We investigate the ground-state properties of triangular graphene nanoflakes with zigzag edge configurations. The description of zero-dimensional nanostructures requires accurate many-body techniques since the widely used density-functional theory with local density approximation or Hartree-Fock methods cannot handle the strong quantum fluctuations. Applying the unbiased density-matrix renormalization group algorithm we calculate the magnetization and entanglement patterns with high accuracy for different interaction strengths and compare them to the mean-field results. With the help of quantum information analysis and subsystem density matrices we reveal that the edges are strongly entangled with each other.
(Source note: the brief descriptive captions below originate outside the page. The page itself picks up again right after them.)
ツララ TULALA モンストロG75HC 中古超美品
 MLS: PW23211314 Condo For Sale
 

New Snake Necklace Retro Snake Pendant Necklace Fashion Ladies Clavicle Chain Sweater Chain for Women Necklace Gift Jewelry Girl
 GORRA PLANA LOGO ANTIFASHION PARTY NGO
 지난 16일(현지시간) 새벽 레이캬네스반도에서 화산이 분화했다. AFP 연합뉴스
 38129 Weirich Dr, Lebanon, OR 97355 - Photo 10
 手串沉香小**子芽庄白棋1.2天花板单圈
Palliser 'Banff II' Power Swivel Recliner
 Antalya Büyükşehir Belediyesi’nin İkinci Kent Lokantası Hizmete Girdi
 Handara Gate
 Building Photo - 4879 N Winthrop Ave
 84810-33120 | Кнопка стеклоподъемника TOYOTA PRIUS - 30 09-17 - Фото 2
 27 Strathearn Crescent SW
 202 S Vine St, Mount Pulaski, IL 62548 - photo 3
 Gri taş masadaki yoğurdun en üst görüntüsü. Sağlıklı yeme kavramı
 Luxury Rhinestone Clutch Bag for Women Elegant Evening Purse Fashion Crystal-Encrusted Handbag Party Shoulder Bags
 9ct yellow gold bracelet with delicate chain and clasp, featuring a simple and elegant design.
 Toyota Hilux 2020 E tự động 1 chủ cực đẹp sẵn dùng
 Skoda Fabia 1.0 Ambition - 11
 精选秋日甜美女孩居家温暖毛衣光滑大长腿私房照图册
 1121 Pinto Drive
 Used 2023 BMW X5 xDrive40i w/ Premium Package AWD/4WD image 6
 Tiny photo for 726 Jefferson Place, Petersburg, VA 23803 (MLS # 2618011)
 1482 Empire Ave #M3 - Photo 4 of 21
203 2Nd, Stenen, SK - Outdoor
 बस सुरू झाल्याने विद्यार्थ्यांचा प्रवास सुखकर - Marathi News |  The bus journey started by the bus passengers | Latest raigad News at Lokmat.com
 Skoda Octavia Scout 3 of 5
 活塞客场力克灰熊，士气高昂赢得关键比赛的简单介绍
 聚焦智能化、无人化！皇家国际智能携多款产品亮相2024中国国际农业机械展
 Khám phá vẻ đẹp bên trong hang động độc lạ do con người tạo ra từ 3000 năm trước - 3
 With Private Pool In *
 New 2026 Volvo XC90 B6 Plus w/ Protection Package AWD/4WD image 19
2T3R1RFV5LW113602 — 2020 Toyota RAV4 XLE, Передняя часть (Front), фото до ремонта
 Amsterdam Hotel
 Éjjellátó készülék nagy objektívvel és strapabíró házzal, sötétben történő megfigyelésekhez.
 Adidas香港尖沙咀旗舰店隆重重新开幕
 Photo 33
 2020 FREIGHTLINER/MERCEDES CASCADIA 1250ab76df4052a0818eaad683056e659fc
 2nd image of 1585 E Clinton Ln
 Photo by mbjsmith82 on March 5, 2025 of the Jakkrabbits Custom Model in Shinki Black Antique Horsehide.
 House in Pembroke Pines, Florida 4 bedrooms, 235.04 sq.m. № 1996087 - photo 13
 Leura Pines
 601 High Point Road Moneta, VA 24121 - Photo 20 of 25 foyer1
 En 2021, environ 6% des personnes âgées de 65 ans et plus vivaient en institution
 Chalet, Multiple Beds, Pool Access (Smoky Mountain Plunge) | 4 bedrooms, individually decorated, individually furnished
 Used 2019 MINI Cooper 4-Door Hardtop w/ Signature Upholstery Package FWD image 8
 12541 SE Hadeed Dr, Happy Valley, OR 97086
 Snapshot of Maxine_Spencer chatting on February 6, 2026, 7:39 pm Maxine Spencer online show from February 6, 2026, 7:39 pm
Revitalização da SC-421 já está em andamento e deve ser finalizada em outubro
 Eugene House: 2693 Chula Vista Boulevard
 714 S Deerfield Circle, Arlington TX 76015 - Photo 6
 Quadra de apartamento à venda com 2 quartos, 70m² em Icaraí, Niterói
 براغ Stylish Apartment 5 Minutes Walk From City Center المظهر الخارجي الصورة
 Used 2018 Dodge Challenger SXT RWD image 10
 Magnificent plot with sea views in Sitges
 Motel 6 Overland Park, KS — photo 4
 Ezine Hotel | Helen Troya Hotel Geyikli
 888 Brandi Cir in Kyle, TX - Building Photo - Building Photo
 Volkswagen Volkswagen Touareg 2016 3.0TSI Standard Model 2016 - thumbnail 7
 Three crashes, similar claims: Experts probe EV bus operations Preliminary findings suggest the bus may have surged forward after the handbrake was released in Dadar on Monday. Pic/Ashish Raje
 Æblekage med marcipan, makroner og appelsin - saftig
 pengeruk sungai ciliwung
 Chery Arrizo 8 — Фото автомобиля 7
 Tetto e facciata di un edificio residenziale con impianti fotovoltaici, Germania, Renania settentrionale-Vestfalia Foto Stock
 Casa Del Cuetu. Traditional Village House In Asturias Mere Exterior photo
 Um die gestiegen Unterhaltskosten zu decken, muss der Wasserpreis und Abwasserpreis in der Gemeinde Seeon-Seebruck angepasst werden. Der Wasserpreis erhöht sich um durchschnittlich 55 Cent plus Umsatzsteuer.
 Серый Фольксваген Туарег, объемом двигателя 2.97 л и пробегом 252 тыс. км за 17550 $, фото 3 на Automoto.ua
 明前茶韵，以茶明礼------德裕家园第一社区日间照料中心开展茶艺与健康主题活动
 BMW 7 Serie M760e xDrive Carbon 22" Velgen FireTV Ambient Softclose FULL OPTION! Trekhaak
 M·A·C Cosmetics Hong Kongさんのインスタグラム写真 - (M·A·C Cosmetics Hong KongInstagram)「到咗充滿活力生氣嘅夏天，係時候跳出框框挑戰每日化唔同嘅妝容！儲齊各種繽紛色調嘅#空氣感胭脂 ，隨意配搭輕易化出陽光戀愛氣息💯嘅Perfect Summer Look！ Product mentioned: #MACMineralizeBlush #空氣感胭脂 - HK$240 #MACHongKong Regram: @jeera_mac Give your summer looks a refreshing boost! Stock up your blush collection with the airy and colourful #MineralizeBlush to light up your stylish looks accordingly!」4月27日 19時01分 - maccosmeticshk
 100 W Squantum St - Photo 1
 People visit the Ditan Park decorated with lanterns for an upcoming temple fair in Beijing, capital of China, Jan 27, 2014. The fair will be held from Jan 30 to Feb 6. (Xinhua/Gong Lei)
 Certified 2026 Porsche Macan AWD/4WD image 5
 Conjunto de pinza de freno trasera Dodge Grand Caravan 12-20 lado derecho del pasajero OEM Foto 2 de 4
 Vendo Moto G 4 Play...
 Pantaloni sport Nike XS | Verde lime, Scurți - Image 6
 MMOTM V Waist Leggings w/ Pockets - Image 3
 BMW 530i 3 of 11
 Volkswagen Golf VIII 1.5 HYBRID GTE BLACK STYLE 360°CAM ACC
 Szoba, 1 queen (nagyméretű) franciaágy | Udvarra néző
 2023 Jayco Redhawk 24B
We also address the effect of electron and hole doping and demonstrate that the magnetic properties of triangular nanoflakes can be controlled by an electric field, which reveals features of flat-band ferromagnetism. This may open up new avenues in graphene based spintronics.

Figure 1

The energy spectrum of the noninteracting system. The inset shows the investigated system, the circled levels form the degenerate shell at the Fermi level.

Figure 2

Entanglement patterns in a zigzag nanodisk for $U=0$. The magnitude of the mutual information components is encoded using the logarithmic grayscale in the sidebar. The numbers indicate the positions of sites along the one-dimensional DMRG topology.

Figure 3

Similar to Fig. 2 but for $U/t=2$.

Figure 4

The number of mutual information bonds emerging from lattice sites in Fig. 3 taking into account mutual information components larger than ${10}^{-2}$.

Figure 5

The local magnetic moments ($S_i^z$) of the ground for various values of $U$. The magnitudes of up (blue) and down (red) moments are proportional to the area of the circles.

Figure 6

The ground-state spin for $U/t=2$ as a function of filling of the fourfold degenerate shell in Fig. 1. The line is a guide to the eye. The numerical error of $S$ was within the size of the symbols.